I became blind; and in my misery

Went groping for them, as I knelt and crawl'd
About the room; and for three days I call'd
Upon their names, as though they could speak too,
Till famine did what grief had fail'd to do."

Having spoke thus, he seiz'd with fiery eyes
That wretch again, his feast and sacrifice,
And fasten'd on the skull, over a groan,
With teeth as strong as mastiff's on a bone.

Ah, Pisa! thou that shame and scandal be
To the sweet land that speaks the tongue of Sì,59
Since Florence spareth thy vile neck the yoke,
Would that the very isles would rise, and choke
Thy river, and drown every soul within
Thy loathsome walls. What if this Ugolin
Did play the traitor, and give up (for so
The rumour runs) thy castles to the foe,
Thou hadst no right to put to rack like this
His children.
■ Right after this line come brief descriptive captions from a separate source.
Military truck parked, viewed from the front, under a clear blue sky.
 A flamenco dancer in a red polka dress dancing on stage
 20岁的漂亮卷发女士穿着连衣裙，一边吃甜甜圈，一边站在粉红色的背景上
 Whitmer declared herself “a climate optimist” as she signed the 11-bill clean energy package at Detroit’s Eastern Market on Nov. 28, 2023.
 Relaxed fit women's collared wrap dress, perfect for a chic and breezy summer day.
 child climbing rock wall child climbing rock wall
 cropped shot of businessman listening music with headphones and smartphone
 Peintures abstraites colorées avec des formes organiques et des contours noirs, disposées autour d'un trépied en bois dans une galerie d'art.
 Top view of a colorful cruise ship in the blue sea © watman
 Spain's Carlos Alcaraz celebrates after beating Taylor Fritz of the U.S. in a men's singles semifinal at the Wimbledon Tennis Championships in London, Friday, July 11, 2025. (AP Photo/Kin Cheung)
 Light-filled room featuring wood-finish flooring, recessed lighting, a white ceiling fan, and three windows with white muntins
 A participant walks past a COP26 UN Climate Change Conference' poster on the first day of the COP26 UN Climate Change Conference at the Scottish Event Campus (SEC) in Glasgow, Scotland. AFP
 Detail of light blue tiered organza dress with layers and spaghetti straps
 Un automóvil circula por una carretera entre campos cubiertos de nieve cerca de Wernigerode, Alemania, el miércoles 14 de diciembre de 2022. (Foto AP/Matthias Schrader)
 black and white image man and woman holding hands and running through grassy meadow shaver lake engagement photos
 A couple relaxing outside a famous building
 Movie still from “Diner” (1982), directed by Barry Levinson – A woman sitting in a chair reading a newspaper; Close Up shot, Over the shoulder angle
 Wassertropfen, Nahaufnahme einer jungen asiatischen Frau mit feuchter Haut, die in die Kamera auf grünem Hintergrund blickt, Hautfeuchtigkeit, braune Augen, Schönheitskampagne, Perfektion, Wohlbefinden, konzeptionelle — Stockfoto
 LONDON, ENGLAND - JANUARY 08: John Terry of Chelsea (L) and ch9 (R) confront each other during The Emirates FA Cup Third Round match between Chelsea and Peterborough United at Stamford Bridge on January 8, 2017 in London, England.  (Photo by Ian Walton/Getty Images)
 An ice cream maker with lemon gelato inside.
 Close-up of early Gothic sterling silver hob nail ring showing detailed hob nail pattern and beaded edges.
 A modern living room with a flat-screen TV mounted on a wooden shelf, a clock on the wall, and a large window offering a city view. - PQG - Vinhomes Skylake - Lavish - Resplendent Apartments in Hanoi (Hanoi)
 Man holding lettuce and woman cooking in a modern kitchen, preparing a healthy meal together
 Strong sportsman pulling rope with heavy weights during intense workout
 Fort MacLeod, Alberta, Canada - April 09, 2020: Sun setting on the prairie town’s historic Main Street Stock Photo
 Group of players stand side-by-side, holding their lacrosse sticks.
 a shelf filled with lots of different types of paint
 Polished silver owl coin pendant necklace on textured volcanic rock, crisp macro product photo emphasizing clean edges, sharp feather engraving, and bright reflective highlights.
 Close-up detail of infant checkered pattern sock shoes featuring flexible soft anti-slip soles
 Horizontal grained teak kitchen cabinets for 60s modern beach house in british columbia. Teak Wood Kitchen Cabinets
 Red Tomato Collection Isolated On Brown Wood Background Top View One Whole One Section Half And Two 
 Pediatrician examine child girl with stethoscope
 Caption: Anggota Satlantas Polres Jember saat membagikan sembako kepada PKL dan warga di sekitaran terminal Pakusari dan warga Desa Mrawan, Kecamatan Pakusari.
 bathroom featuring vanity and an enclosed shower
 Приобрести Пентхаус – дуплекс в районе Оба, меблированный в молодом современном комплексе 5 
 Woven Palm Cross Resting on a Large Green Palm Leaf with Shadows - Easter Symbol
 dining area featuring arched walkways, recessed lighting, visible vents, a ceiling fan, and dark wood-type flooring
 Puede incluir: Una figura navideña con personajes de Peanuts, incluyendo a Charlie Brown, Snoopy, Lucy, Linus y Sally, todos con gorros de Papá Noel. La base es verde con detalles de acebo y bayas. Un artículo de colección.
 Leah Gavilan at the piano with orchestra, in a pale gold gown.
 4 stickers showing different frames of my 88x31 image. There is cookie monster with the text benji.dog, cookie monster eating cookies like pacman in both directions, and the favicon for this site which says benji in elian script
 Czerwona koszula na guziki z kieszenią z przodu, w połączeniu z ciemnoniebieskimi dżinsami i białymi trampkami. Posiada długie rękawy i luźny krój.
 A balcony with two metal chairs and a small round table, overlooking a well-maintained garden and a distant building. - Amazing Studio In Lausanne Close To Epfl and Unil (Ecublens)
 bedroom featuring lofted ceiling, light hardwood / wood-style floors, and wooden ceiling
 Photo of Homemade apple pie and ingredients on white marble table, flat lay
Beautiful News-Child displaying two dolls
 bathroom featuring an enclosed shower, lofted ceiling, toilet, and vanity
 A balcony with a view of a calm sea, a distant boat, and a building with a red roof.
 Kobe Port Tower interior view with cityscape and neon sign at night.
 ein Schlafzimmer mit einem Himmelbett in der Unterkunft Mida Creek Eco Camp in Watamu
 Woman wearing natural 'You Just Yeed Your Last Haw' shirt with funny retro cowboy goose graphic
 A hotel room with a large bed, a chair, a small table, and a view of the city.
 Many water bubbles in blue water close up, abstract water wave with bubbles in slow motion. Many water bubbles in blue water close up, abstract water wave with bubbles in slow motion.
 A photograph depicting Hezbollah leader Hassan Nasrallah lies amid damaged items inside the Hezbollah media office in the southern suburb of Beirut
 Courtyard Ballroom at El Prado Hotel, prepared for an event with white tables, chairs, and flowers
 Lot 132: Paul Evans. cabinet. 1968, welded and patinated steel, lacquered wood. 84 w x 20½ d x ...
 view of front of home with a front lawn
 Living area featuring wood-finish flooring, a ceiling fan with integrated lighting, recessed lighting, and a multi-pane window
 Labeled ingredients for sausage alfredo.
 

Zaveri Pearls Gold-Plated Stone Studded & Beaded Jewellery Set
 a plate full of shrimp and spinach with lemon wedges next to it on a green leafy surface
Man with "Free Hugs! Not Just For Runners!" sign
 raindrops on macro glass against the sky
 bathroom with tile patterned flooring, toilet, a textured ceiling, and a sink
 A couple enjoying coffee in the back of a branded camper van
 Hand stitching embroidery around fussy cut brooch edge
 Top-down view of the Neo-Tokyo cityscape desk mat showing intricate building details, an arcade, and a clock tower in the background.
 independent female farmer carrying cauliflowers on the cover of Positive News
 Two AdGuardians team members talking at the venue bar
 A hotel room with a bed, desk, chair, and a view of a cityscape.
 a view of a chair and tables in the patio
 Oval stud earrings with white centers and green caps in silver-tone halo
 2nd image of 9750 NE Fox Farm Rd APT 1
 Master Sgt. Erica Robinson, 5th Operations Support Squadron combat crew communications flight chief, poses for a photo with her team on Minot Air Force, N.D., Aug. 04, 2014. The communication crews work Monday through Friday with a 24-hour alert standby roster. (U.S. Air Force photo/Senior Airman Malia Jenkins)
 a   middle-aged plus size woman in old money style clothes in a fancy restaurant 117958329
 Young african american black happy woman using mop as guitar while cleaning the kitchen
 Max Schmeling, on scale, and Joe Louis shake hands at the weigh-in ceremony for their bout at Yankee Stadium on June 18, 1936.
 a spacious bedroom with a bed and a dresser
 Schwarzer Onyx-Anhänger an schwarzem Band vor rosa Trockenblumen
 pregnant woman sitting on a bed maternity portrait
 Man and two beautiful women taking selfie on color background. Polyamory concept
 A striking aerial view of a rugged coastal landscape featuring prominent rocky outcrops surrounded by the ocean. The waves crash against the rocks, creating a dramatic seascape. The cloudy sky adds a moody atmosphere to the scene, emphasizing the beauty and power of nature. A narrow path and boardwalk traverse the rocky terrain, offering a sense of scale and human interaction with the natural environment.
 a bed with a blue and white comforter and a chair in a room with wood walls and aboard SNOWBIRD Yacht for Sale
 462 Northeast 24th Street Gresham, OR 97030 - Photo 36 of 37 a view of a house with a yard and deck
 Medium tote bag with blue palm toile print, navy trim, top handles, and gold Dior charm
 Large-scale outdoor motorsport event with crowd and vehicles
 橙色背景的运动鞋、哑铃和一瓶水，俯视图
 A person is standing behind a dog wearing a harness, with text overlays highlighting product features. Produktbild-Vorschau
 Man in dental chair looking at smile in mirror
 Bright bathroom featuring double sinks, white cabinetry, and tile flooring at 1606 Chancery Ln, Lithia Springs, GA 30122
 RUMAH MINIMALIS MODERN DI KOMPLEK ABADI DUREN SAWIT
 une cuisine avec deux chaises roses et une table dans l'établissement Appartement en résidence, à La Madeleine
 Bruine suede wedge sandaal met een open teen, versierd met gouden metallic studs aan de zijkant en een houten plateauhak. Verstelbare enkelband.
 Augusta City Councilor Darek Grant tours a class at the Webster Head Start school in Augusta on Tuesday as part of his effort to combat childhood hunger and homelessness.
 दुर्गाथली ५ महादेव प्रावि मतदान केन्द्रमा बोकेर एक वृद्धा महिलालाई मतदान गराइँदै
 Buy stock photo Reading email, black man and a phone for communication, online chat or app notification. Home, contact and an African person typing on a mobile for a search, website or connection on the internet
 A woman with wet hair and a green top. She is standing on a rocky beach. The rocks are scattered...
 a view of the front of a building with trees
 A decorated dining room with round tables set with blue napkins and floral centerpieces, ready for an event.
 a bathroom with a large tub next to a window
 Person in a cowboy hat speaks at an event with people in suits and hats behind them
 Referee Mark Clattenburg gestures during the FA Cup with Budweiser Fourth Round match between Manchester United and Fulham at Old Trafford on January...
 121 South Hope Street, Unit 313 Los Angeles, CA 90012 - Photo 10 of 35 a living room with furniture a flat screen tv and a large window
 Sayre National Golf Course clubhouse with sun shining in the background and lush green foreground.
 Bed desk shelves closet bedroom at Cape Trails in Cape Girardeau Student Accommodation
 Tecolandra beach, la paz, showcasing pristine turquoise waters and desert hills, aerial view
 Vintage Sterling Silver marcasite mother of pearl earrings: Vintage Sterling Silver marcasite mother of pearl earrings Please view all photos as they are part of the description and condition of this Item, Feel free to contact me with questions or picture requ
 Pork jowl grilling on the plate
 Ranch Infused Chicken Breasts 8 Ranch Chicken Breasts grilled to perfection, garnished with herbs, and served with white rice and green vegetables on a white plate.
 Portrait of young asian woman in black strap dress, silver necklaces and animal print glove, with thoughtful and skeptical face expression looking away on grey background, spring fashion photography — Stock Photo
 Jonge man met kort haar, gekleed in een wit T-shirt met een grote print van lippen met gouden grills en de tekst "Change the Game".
Childhood innocency is.

But that same innocence, and that man's name, Have damn'd thee, Pisa, to a Theban fame.60

This most affecting of all Dante's stories has been told beautifully (as I have remarked elsewhere) by Chaucer; "but he had not the heart to finish it." He refers for the conclusion to his original, the "grete poete of Itaille;' adding, that Dante will not fail his readers a single word— that is to say, not an atom of the cruelty.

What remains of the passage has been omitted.